USCIS Currently Accepting DACA Renewal Applications

daca

On September 5, 2017, Attorney General Jeff Sessions announced that the Deferred Action for Childhood Arrivals (DACA) program was being terminated. The same day, USCIS was ordered to reject all initial and renewal DACA applications and associated work authorization requests. In the days following issuance of the announcement, lawsuits were filed across the country challenging termination of the program. Since then, two U.S. district courts have enjoined the termination of DACA for individuals who have previously held DACA status at any time. These courts have ordered USCIS to continue accepting DACA renewal applications from these individuals. However, for those who have never held DACA status, the courts have not yet required USCIS to continue to accept initial DACA applications, but this issue is still being litigated.

Therefore, if you have ever held DACA status before, you should submit your renewal application between 150 to 120 days before your DACA expiration date, so long as you meet the following criteria:

  • You must not have departed the U.S. on or after August 15, 2012, without first having been granted advance parole.
  • You must have resided continuously in the U.S. from the time you submitted the initial request for DACA up until the present time.
  • You must not have been convicted of a felony, a significant misdemeanor, or three or more misdemeanors, and must not otherwise pose a threat to national security or public safety.

 

If your DACA status has already expired, you can still submit a renewal application but you must fill out your DACA application as if you were applying for the first time and you must submit evidence that you meet each DACA eligibility requirement.

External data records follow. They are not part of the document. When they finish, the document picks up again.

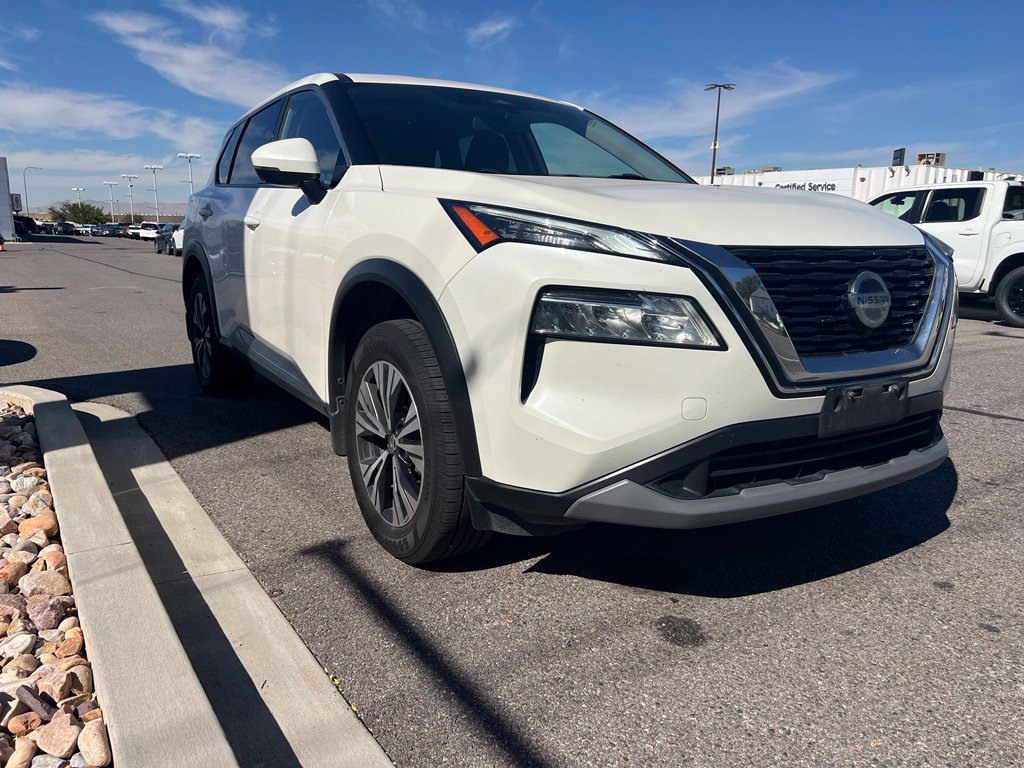 Used 2021 Nissan Rogue SV AWD/4WD image 4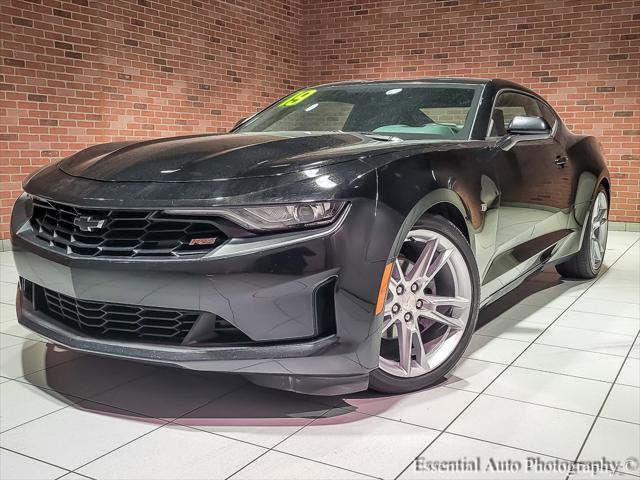 used 2019 Chevrolet Camaro car, priced at $18,799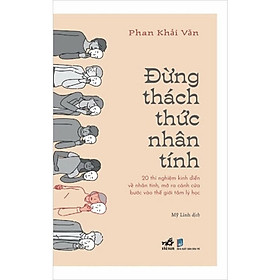 Hình ảnh Đừng Thách Thức Nhân Tính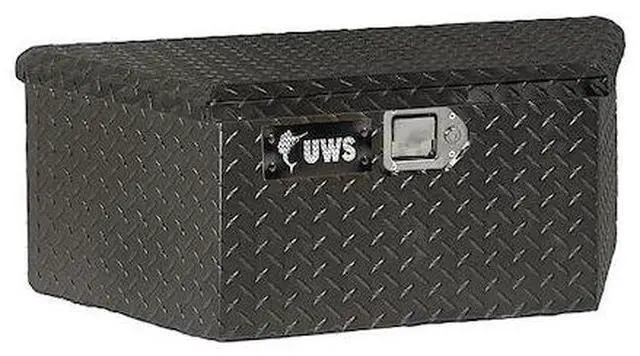 Main image of UWS EC20422 34" Low Profile Trailer Tongue Truck Box, Black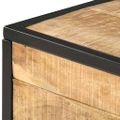 vidaXL Konferenčný stolík 70x50x33 cm masívne mangovníkové drevo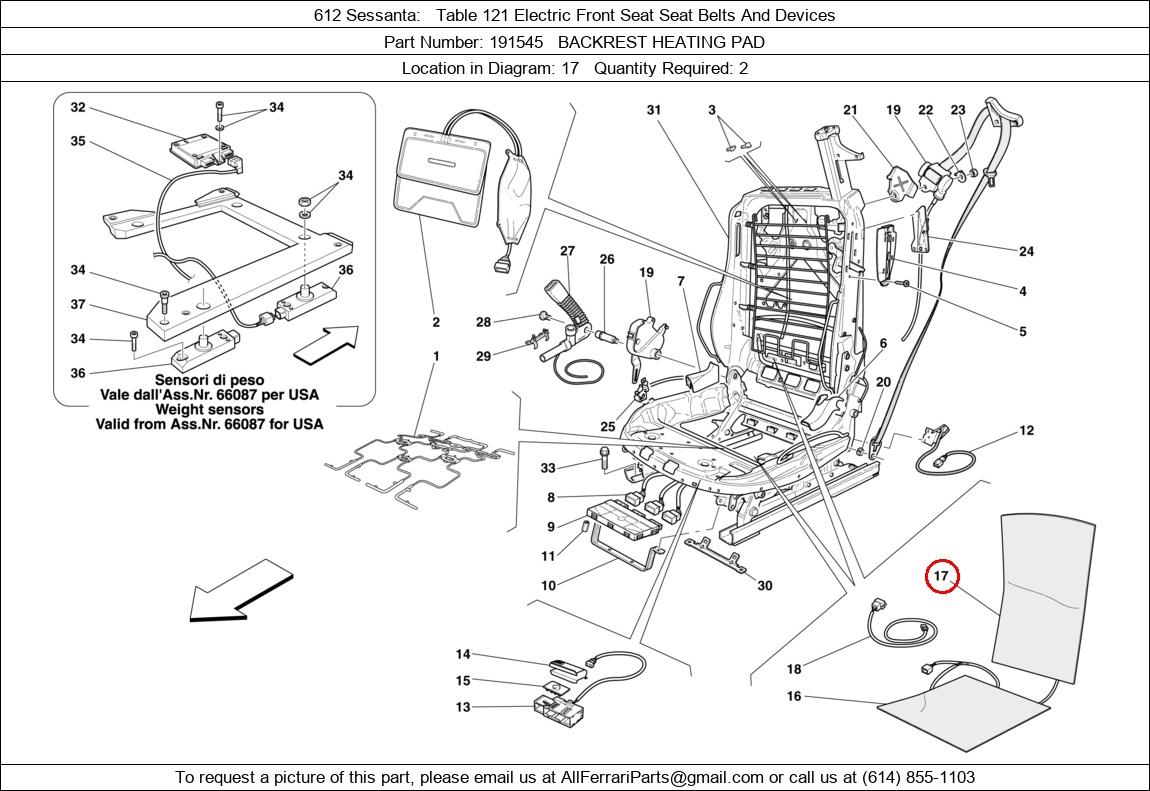 Ferrari Part 191545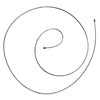 Raybestos BC92668 Parking Brake Cable Raybestos Element3 Parking Brake Cable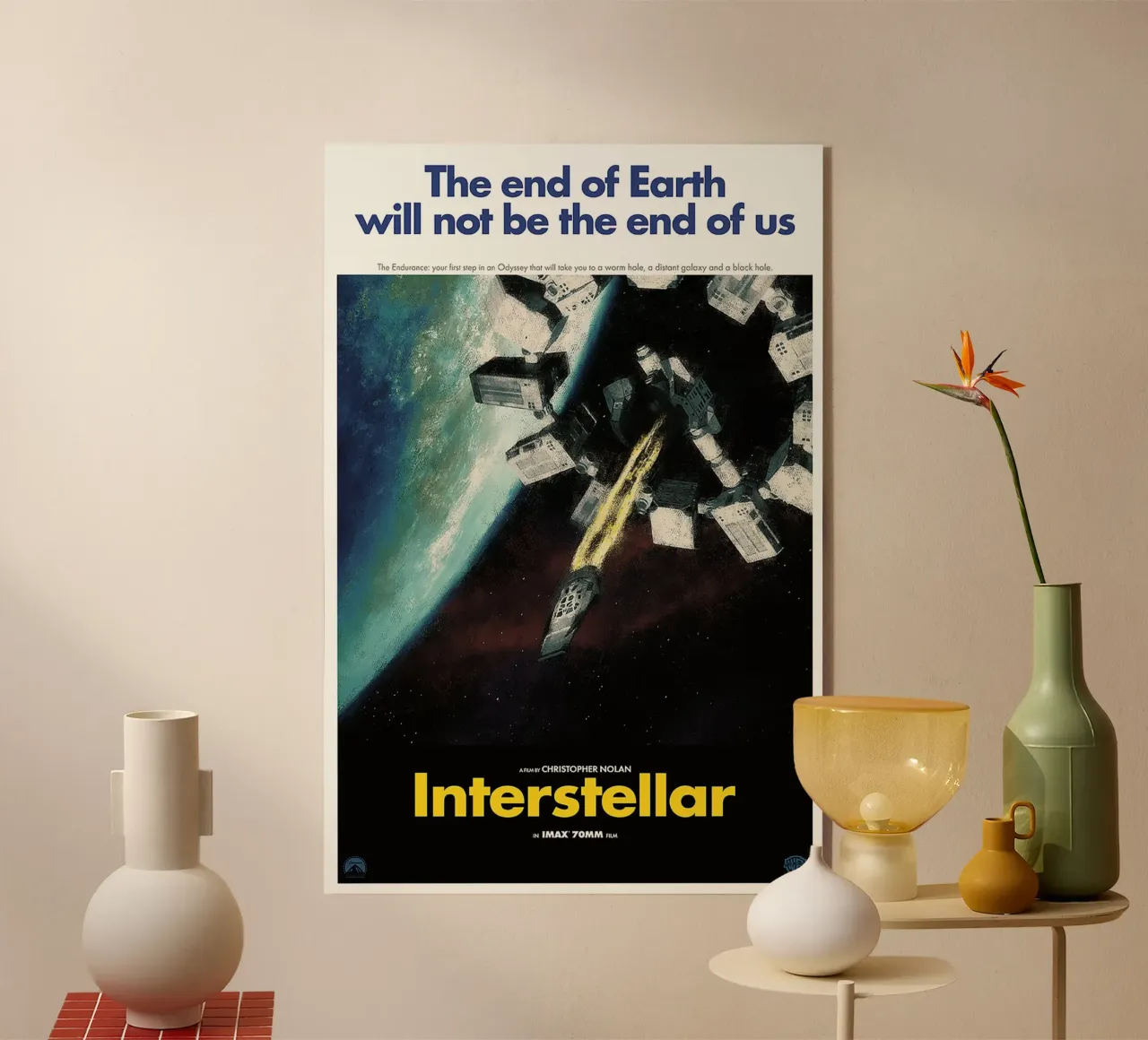 Interstellar Movie plexiglass da Attaboy Dsgn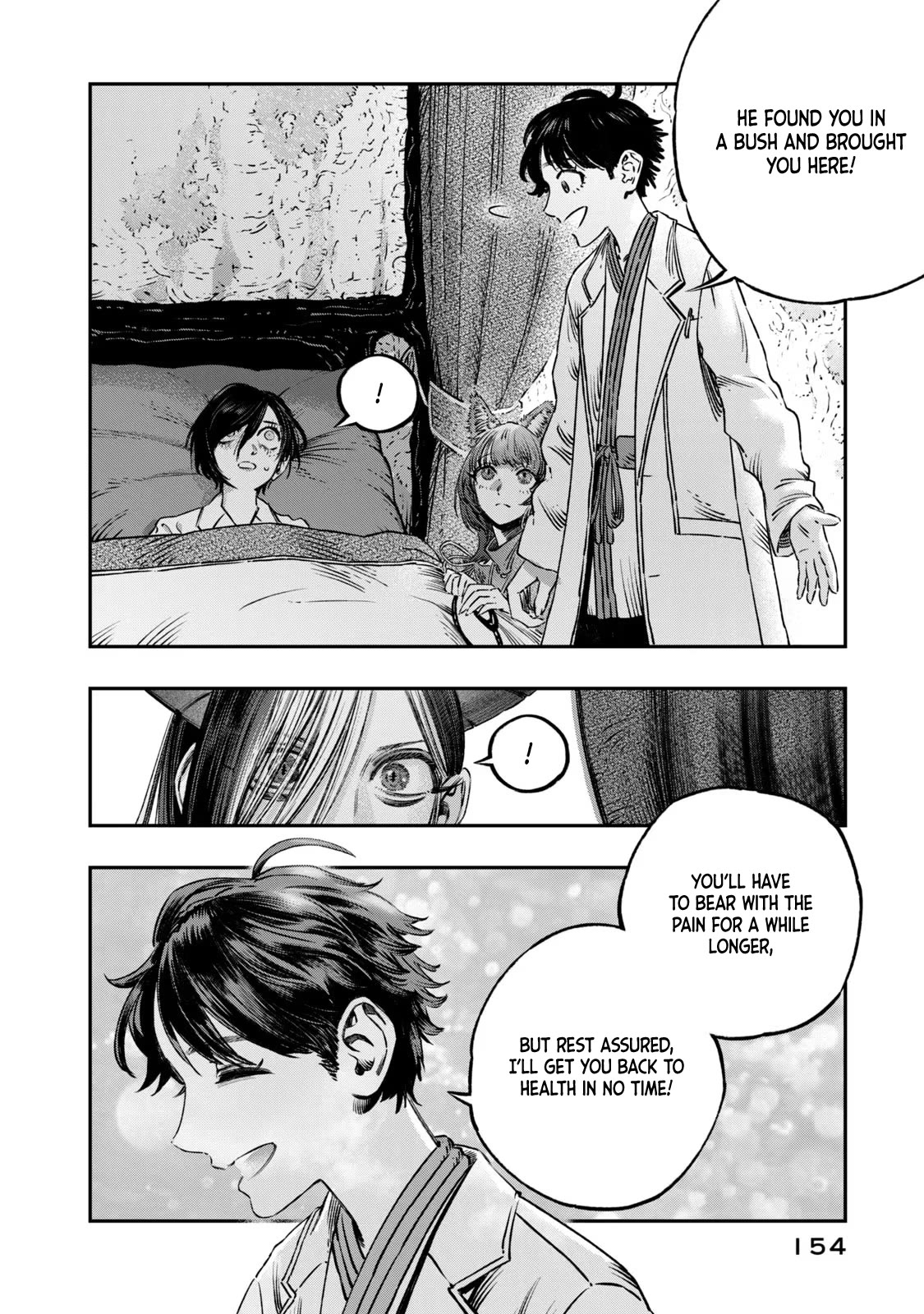 I Used High-Level Medicine to Counter Magic Chapter 13 page 13 - Chapter 13
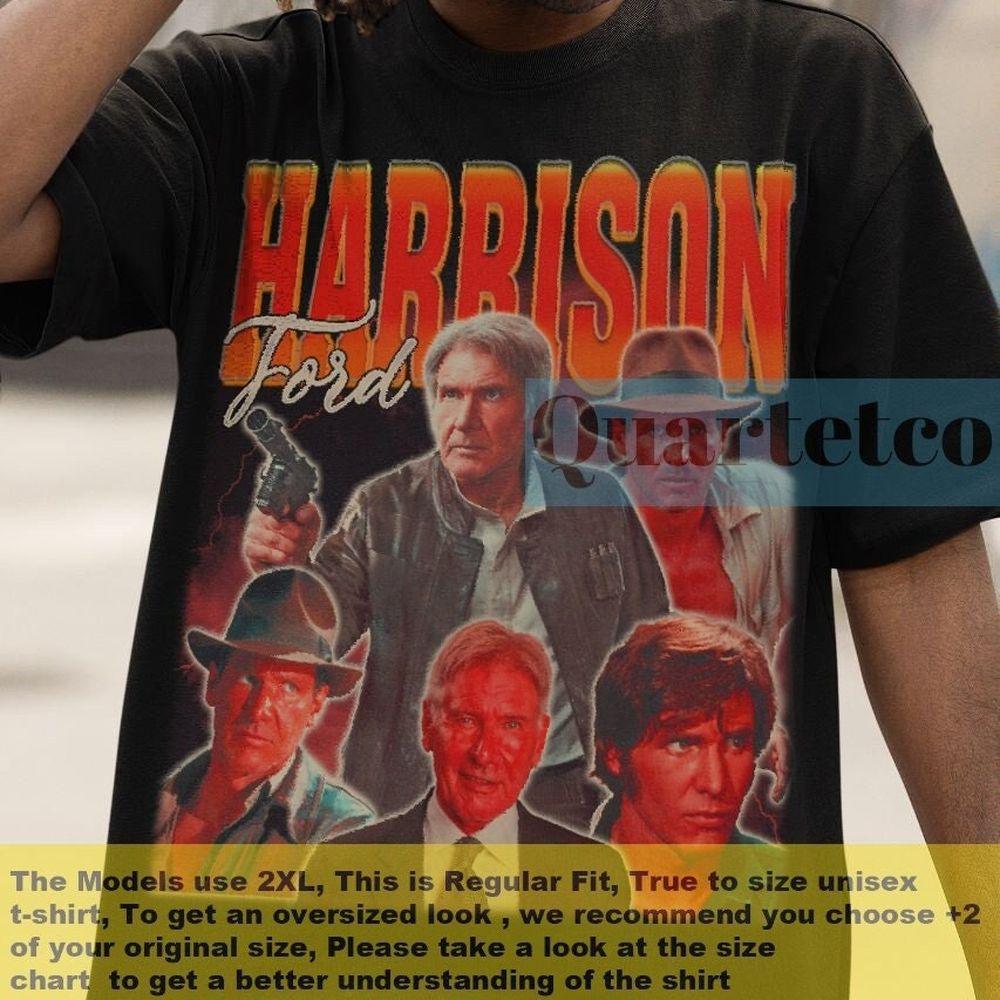 Harrison Ford 2 Vuitino Shirt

For more on DACA eligibility requirements see: https://www.uscis.gov/archive/consideration-deferred-action-childhood-arrivals-daca

DACA is generally a deferred action program, commenced during the Obama administration, that grants relief from deportation and eligibility for work authorization to approximately one million young adults who entered the U.S. before their sixteenth birthday and who have resided here continuously. DACA does not apply to anyone who has been convicted of a felony, significant misdemeanor, or three or more other misdemeanors, or to anyone who would otherwise pose a threat to national security or public safety.